The Italian philosopher Francesco Adorno says: “When I was young, I was asked to translate Plato's works from Greek into Italian. At the time, since I did not know Greek very well, I declined the offer; but today, when I know Greek very well indeed, I would never dare to undertake such a task.” Architectural criticism is in a similar situation. The more one's knowledge and experience grow, the more aware the critic becomes of the limits and weaknesses of the work. The most important limitation of architectural criticism, in my view, is the structural and ontological difference between the critique and the built work. Sometimes it is like trying to describe the scent of a narcissus or the taste of a fig. Some works have a quality that cannot be described: they have no clear structure, no codified theory, no methodology. It is right there that criticism reveals its weakness before art. The two share much: both are expressions of a truth or a reality from a particular viewpoint, and both have a creative side. But if a poet describes the scent of jasmine, simply put, the aim is that we should take pleasure from the poem, not from jasmine. When a critic describes something, the aim is that we should take pleasure from the described subject — which is why the critic fails in describing scents and tastes.
Such aspects exist in every work of architecture, and Firooz Firooz is one of those architects whose work rests mainly on such aspects. To the problem of a missing theoretical foundation and systematic methodology — which is characteristic of a craftsman-like way of building — one must add a distance from graphic expression: Firooz's architecture does not pursue “frontier” values. While the avant-garde architects — those who place culture-making before building — set their centre of gravity outside the known borders, there are also architects like Firooz who place the centre where it belongs, in the middle of the territory of art: architecture in its historical sense; an art that does not try to extend the frontiers of aesthetics or nurture a new aspect of it at the cost of giving up the rest; an art in search of a certain balance and calm: esteem for human life; an intellectual and scientific cultivation of the natural instinct to build.
To build is as natural to Firooz as it is for the Persian reed to produce sound as the air passes through it.
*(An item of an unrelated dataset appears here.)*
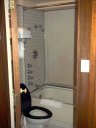 QM_A019_Bathroom.jpg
There is a resemblance between Firooz's work and the voice of the reed: both are beautiful, yet constrained. The air comes only with effort out of the reed — not the case with electronic music and its vast range. Firooz's work too emerges, with effort, from simple materials (brick, wood, tile and simple volumes), but it carries with it a history and a particularity that is unique. Firooz's work, like Iran's avant-garde cinema, is born of the conversion of constraint into value — of the turning of the everyday into life's rituals. Some of the old Iranian pottery was made so that water — this precious substance — is guided from the mouth of the jug through a long narrow channel and then, with great precision and without loss, poured into the bowl. Here the simple act of pouring water takes on a kind of religious importance. Firooz's works, though as simple as ancient pottery, likewise turn simple everyday acts — entering a house, crossing from the day zone to the night zone, sunlight falling through a window — into the liturgy of living.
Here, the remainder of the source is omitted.